ECLI:NL:CRVB:2006:AY6679
Centrale Raad van Beroep
- Hoger beroep
- G.J.H. Doornewaard
- Rechtspraak.nl
Beoordeling van de WAO-schatting en arbeidsongeschiktheid van appellant
In deze zaak gaat het om het hoger beroep van appellant tegen de uitspraak van de rechtbank Haarlem, waarin zijn beroep tegen een besluit van het Uwv ongegrond werd verklaard. Het Uwv had appellant per 4 augustus 2002 een WAO-uitkering toegekend, berekend naar een arbeidsongeschiktheid van 55-65%. Appellant stelde dat hij op de datum in geding niet in staat was tot het verrichten van arbeid, en voerde aan dat hij op alle sociale niveaus disfunctioneerde en in een isolement leefde.

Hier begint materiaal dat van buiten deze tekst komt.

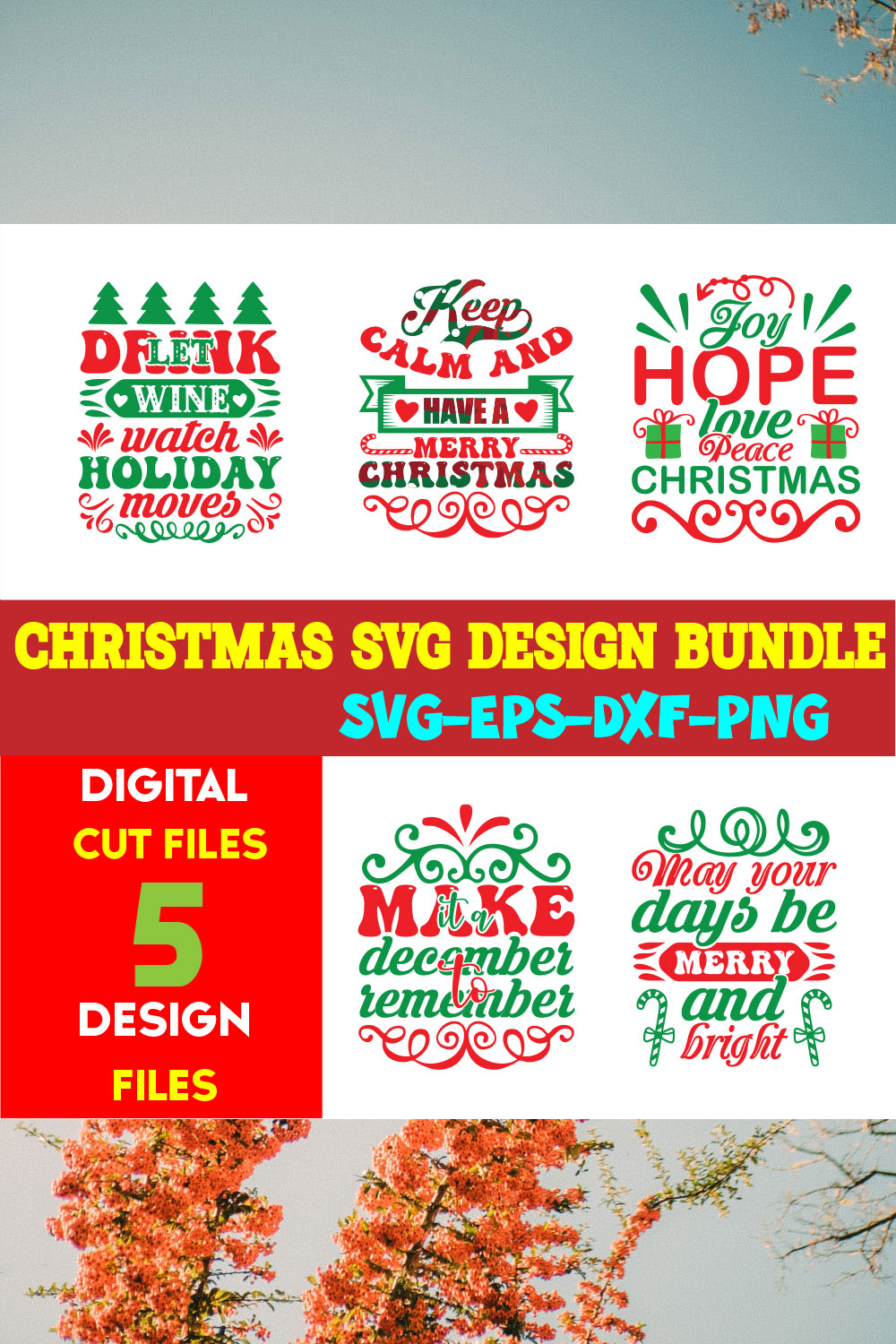 Christmas SVG T-shirt Design Bundle Volume-102 pinterest preview image.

Hij verwees naar een verklaring van zijn behandelend arts-psychotherapeut, waarin werd gesteld dat appellant op de datum in geding leed aan een depressieve episode.
De Centrale Raad van Beroep heeft de zaak behandeld en vastgesteld dat de arbeidskundige grondslag van het bestreden besluit geen relevante gebreken vertoonde. Er waren voldoende functies en arbeidsplaatsen aangeduid die appellant met zijn opleiding en belastbaarheid zou kunnen vervullen. De Raad oordeelde dat het hoger beroep niet kon slagen, en bevestigde de aangevallen uitspraak van de rechtbank.
De uitspraak werd gedaan door G.J.H. Doornewaard, in tegenwoordigheid van griffier A.C.W. Ris-van Huussen. De Raad concludeerde dat de gedingstukken geen grondslag boden voor het standpunt van appellant dat het verzekeringsgeneeskundig onderzoek onvolledig was. De verzekeringsarts had appellant zelf onderzocht en informatie opgevraagd bij de behandelend arts. De Raad was van oordeel dat de medische component van de zaak geen relevante gebreken vertoonde, en bevestigde de eerdere beslissing van de rechtbank.